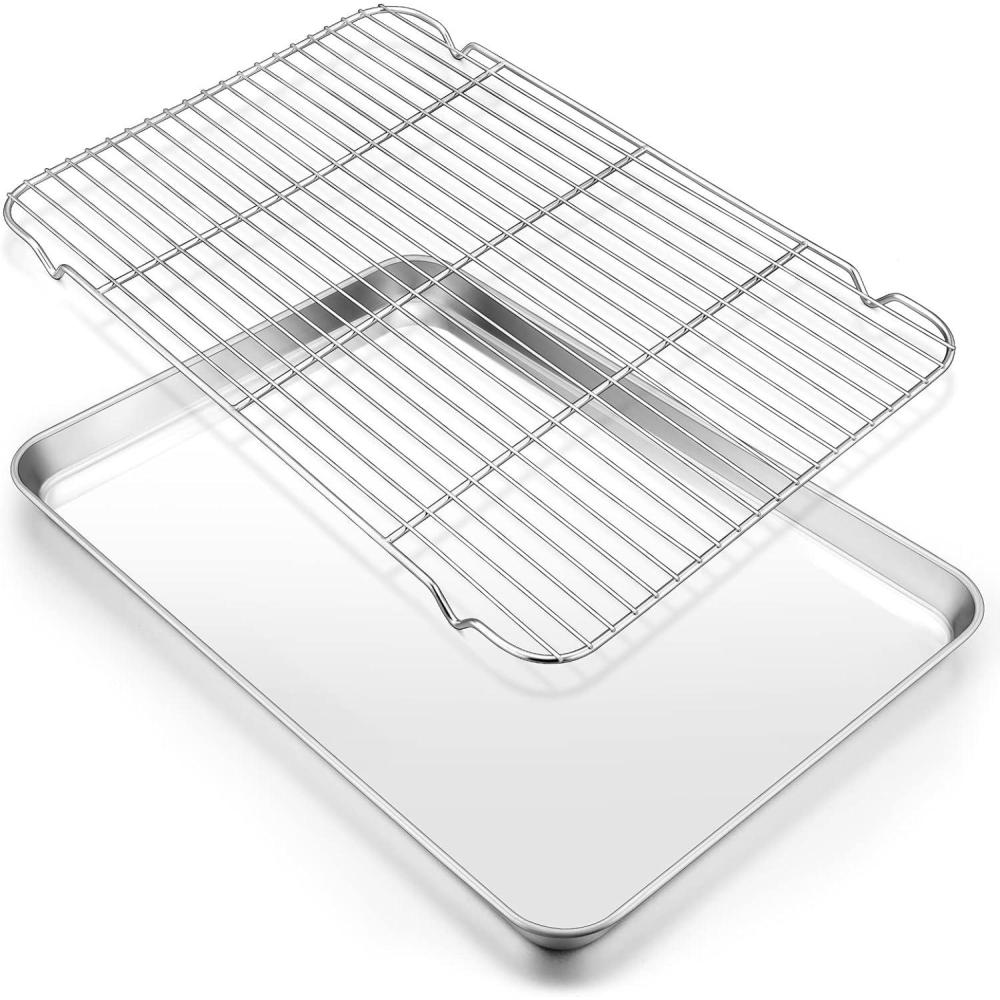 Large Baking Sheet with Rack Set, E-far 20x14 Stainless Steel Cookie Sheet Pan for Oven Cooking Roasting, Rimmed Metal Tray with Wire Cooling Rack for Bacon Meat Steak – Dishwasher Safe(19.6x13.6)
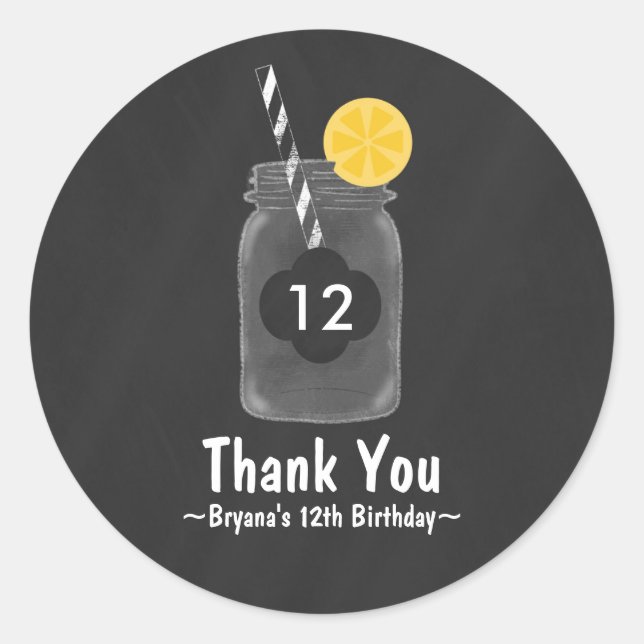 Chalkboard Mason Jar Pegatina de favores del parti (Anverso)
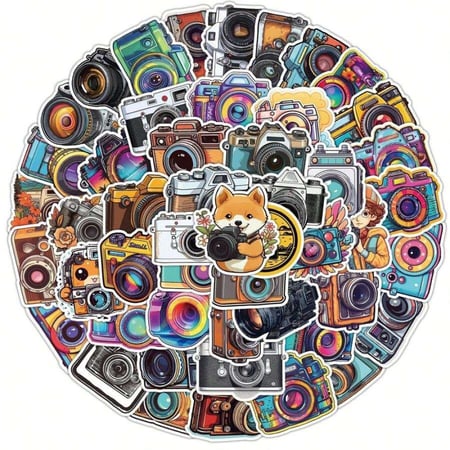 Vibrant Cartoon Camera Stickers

• • • •

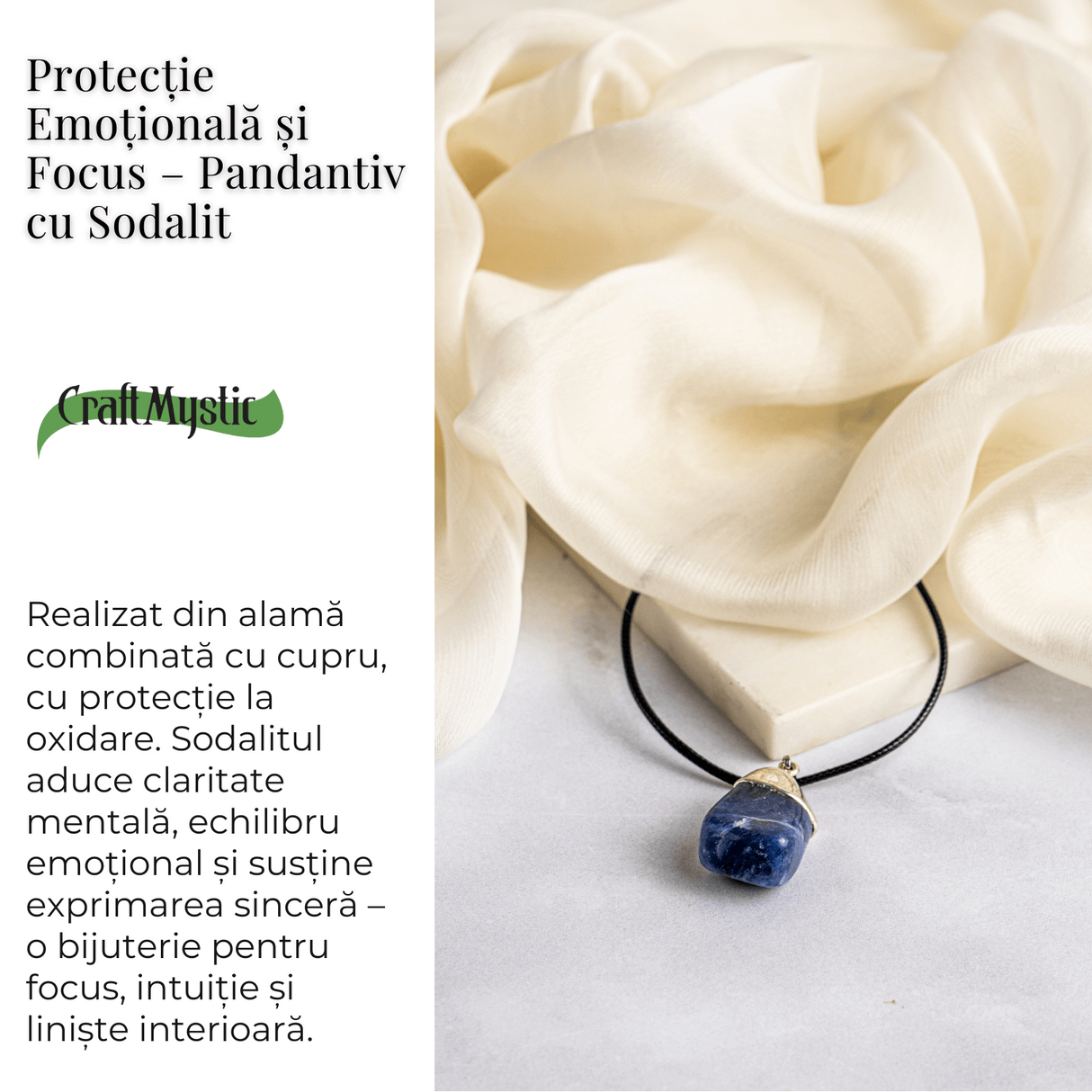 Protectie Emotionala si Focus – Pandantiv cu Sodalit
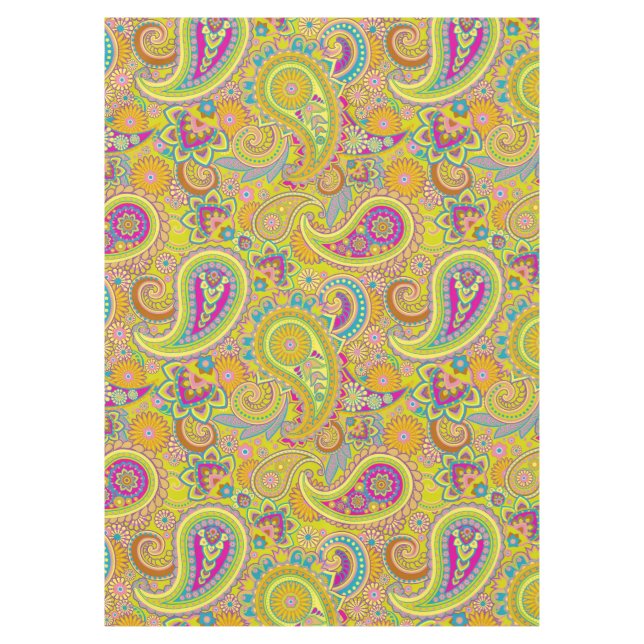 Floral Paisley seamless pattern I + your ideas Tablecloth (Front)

• • • •

▶ **WORK REQUIRED**:
Keep to the stretch from the line containing "Large Baking Sheet" through the line containing "Vibrant Cartoon Camera Stickers", both ends included, and copy it exactly from the listing above, minus the pictures.

▶ **ANSWER FOR THIS EXERCISE**:
 Large Baking Sheet with Rack Set, E-far 20x14 Stainless Steel Cookie Sheet Pan for Oven Cooking Roasting, Rimmed Metal Tray with Wire Cooling Rack for Bacon Meat Steak – Dishwasher Safe(19.6x13.6)
 Chalkboard Mason Jar Pegatina de favores del parti (Anverso)
 Vibrant Cartoon Camera Stickers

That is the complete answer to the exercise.